* **What is expected**:
Hunt through the lines below for the string "More" and copy each one that has it.

* **Records for processing**:
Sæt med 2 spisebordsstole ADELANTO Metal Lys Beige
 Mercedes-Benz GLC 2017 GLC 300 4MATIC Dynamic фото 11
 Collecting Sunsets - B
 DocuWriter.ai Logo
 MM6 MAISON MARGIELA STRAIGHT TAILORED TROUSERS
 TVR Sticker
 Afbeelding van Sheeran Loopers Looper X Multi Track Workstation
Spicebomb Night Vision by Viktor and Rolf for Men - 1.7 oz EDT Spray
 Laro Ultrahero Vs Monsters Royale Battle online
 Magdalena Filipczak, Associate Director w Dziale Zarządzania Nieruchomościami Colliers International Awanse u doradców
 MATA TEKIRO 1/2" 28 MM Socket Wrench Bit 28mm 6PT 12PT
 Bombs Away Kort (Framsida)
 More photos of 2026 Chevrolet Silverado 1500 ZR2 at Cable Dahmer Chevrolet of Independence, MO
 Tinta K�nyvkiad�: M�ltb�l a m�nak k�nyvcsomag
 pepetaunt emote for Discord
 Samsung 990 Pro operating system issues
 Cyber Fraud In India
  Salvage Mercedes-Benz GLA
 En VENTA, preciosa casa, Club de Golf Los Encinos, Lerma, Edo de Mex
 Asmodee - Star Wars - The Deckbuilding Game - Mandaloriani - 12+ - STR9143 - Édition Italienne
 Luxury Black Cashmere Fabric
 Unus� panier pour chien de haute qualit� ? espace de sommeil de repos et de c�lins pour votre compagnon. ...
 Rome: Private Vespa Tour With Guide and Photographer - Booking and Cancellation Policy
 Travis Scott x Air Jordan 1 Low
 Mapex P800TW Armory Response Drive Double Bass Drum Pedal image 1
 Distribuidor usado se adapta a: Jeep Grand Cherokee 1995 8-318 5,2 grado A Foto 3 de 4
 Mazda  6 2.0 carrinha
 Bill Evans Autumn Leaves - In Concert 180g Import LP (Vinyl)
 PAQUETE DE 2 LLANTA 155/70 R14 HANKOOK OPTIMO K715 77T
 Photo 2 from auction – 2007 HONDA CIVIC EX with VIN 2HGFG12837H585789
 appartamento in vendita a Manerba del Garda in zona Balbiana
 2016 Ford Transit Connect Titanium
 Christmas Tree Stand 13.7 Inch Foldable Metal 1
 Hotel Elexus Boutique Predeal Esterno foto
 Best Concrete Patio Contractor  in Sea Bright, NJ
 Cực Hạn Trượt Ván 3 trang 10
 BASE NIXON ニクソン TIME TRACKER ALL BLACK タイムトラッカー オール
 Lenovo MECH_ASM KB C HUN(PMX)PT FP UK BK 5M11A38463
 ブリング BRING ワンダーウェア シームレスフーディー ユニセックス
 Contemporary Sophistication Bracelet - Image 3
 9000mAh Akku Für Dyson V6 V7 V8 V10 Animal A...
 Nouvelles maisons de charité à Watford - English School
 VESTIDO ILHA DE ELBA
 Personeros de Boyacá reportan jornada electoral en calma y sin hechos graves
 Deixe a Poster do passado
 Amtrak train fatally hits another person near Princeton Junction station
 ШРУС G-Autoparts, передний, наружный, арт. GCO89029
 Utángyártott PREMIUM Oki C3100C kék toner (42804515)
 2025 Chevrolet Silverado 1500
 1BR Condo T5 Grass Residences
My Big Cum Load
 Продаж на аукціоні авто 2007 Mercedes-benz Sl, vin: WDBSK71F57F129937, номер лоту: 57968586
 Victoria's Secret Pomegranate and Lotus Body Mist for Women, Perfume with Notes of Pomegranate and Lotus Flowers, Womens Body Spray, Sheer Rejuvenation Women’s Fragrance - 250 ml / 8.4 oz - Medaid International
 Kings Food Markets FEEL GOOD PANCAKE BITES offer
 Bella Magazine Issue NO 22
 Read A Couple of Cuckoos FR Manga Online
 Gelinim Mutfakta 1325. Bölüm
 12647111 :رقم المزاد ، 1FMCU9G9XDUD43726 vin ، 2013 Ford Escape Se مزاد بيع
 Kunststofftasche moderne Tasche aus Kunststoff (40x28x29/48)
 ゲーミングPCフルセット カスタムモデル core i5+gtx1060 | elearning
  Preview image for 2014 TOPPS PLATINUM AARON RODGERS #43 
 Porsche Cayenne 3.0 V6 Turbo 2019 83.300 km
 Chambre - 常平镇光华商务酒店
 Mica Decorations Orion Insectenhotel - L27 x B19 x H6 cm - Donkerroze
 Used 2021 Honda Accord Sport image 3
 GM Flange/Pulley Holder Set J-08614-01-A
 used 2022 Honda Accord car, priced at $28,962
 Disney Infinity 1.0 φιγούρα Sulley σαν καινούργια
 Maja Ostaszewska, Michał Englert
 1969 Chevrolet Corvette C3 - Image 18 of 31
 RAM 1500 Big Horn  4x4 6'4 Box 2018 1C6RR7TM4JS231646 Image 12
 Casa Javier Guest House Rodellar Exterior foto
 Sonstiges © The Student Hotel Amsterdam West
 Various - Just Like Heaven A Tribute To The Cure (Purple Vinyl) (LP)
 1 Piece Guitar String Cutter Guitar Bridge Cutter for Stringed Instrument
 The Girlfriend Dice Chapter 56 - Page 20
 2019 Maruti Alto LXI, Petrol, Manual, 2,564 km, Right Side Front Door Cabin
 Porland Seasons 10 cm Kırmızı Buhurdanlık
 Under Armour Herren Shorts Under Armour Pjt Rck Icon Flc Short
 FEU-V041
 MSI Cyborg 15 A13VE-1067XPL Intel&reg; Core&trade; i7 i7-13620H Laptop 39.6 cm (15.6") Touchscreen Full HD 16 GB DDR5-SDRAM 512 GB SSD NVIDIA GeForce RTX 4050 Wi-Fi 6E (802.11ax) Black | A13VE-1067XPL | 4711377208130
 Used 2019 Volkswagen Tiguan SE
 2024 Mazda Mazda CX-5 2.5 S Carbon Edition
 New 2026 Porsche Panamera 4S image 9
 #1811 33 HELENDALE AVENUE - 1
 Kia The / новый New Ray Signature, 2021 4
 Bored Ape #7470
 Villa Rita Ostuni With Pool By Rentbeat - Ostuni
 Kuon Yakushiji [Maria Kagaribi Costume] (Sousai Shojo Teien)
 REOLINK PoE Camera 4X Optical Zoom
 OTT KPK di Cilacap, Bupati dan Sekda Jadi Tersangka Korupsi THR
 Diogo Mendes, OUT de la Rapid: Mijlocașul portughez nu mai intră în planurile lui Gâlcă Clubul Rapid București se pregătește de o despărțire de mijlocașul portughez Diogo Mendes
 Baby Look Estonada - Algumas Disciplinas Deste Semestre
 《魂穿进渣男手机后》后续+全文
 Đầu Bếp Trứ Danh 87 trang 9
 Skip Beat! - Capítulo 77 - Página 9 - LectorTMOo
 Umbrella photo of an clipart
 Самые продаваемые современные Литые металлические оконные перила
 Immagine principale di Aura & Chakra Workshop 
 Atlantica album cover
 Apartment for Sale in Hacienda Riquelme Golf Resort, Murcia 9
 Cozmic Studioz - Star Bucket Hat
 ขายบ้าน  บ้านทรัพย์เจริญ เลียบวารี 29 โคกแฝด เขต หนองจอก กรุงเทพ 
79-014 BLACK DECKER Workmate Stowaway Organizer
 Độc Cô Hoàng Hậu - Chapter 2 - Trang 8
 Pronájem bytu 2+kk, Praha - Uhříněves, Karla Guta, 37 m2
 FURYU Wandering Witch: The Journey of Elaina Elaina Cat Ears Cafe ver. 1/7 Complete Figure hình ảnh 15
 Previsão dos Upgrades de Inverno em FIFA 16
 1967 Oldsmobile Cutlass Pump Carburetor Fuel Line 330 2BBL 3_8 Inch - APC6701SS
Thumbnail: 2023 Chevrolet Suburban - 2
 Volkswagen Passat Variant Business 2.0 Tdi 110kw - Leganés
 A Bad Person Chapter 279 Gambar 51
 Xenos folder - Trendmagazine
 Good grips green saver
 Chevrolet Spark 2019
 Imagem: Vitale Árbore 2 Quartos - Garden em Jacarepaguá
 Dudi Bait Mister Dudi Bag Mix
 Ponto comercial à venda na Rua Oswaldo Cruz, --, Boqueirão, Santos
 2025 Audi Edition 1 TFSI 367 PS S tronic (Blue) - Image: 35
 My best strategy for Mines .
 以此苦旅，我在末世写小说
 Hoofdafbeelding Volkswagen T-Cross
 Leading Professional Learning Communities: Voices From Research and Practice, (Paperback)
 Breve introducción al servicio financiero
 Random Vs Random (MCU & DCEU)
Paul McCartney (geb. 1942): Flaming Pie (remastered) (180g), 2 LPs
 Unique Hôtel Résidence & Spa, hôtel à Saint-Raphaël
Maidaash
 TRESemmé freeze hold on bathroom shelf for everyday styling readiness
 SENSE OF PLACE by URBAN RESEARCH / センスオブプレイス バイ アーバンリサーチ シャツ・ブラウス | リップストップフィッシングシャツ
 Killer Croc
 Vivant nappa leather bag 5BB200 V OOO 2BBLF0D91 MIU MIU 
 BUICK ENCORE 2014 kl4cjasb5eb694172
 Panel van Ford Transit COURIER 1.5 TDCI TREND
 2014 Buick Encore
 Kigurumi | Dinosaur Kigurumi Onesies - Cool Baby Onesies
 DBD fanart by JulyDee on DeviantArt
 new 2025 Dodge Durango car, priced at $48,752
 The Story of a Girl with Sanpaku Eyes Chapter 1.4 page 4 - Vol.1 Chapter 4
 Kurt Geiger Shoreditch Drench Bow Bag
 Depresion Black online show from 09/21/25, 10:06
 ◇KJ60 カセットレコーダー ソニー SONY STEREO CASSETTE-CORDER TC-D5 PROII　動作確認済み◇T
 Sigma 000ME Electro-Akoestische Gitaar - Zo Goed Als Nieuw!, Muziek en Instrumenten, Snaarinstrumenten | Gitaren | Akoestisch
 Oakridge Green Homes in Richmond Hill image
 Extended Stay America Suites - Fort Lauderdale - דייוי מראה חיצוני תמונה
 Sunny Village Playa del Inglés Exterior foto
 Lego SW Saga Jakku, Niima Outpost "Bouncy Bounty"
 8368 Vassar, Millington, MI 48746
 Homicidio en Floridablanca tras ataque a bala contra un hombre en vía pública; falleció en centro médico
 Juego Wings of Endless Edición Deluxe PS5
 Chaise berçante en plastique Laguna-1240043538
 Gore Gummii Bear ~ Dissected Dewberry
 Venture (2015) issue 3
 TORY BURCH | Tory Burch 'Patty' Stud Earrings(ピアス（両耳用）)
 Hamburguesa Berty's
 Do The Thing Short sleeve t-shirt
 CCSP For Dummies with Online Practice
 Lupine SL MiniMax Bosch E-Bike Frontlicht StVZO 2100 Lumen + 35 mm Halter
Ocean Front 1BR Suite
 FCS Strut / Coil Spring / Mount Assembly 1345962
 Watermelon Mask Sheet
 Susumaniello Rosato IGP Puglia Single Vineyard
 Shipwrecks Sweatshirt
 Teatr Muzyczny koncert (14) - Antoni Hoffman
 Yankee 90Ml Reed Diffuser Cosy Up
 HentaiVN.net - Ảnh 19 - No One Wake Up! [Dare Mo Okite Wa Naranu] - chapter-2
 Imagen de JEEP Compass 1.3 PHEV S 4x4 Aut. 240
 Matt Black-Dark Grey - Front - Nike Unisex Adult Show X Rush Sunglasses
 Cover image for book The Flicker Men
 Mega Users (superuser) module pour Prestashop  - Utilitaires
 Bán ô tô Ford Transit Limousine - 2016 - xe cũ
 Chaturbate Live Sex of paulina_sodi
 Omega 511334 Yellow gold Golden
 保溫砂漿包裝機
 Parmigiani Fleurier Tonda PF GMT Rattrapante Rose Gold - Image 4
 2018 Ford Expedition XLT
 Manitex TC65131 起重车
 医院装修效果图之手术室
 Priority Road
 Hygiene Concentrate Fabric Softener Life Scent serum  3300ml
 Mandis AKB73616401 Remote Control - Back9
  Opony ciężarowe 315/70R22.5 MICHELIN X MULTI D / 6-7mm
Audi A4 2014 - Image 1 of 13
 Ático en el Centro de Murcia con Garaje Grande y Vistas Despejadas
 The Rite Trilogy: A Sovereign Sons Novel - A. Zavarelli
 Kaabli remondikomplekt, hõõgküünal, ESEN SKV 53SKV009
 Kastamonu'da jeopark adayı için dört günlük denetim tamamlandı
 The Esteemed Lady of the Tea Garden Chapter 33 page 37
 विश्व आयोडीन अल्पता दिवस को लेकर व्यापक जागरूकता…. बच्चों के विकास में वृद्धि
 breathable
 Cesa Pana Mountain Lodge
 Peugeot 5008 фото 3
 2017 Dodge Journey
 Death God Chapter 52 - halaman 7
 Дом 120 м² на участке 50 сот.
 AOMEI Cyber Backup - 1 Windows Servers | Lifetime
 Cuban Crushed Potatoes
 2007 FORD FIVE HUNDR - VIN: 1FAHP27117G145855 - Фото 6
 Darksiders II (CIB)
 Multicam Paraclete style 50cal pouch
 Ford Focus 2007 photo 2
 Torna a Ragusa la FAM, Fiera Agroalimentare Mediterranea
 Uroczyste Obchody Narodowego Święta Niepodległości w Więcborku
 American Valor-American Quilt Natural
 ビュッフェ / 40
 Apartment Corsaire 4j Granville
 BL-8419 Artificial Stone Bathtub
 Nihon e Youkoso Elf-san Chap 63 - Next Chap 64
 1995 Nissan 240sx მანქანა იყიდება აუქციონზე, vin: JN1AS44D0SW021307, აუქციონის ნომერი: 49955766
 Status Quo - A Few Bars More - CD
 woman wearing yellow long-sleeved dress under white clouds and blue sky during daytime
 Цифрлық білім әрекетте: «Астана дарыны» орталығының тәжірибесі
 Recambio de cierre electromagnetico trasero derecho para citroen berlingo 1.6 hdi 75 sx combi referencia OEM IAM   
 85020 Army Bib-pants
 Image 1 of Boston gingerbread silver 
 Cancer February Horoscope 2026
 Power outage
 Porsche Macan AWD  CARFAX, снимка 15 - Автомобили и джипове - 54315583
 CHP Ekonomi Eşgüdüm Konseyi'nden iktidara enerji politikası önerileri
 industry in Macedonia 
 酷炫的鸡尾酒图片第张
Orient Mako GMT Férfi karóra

* **Result of this task**:
 More photos of 2026 Chevrolet Silverado 1500 ZR2 at Cable Dahmer Chevrolet of Independence, MO
 Status Quo - A Few Bars More - CD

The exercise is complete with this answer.